= 1936 Pulitzer Prize =

Awards for journalism and related fields

The following are the Pulitzer Prizes for 1936

==Journalism awards==

- Public Service:
  - Cedar Rapids Gazette for its campaign against corruption and misgovernment in the State of Iowa.
  - Honorable mention to the St. Paul Daily News for its campaign against corruption and misgovernment in St.
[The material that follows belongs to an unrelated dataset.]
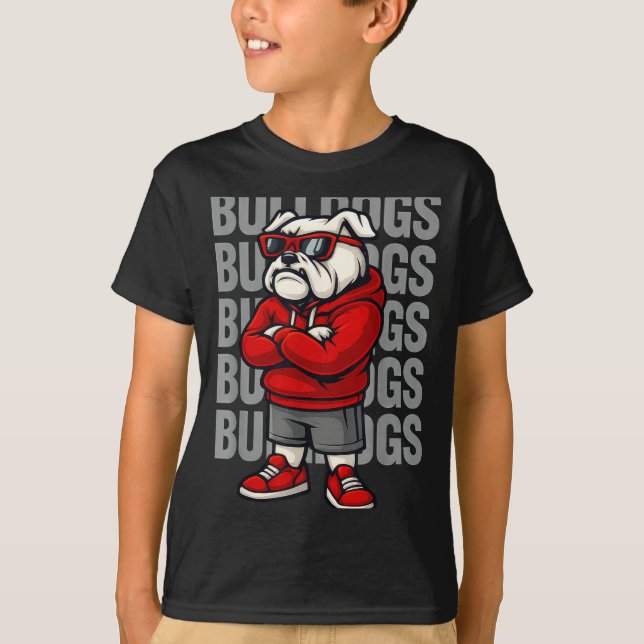 T-shirt Retro Bulldogs Gift For Men Women Boys Girls Kids  (Devant)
Paul.
- Reporting:
  - Lauren D. Lyman of The New York Times for the exclusive story revealing that the Charles Lindbergh family was leaving the United States to live in England.
- Correspondence:
  - Wilfred C. Barber of the Chicago Tribune for his reports of the Second Italo-Ethiopian War (posthumous).
  - Honorable mentions to:
    - Webb Miller of the United Press for reports on the Second Italo-Ethiopian War.
    - Ashman Brown of the Providence Evening Bulletin for his correspondence from Washington.
    - Jay G. Hayden of The Detroit News for a series of political articles written on a tour of the country.
    - James A. Mills of the Associated Press for his story about the leasing of Ethiopian oil fields to Standard Oil.
- Editorial Writing:
  - Felix Morley of The Washington Post for distinguished editorial writing during the year.
  - George B. Parker of Scripps-Howard Newspapers for distinguished editorial writing during the year.
- Editorial Cartooning:
  - No award given.

==Letters and Drama Awards==

- Novel:
  - Honey in the Horn by Harold L. Davis (Harper).
- Drama:
  - Idiot's Delight by Robert E. Sherwood (Scribner).
- History:
  - A Constitutional History of the United States by Andrew C. McLaughlin (Appleton).
- Biography or Autobiography:
  - The Thought and Character of William James by Ralph Barton Perry (Little).
- Poetry:
  - Strange Holiness by Robert Peter Tristram Coffin (Macmillan).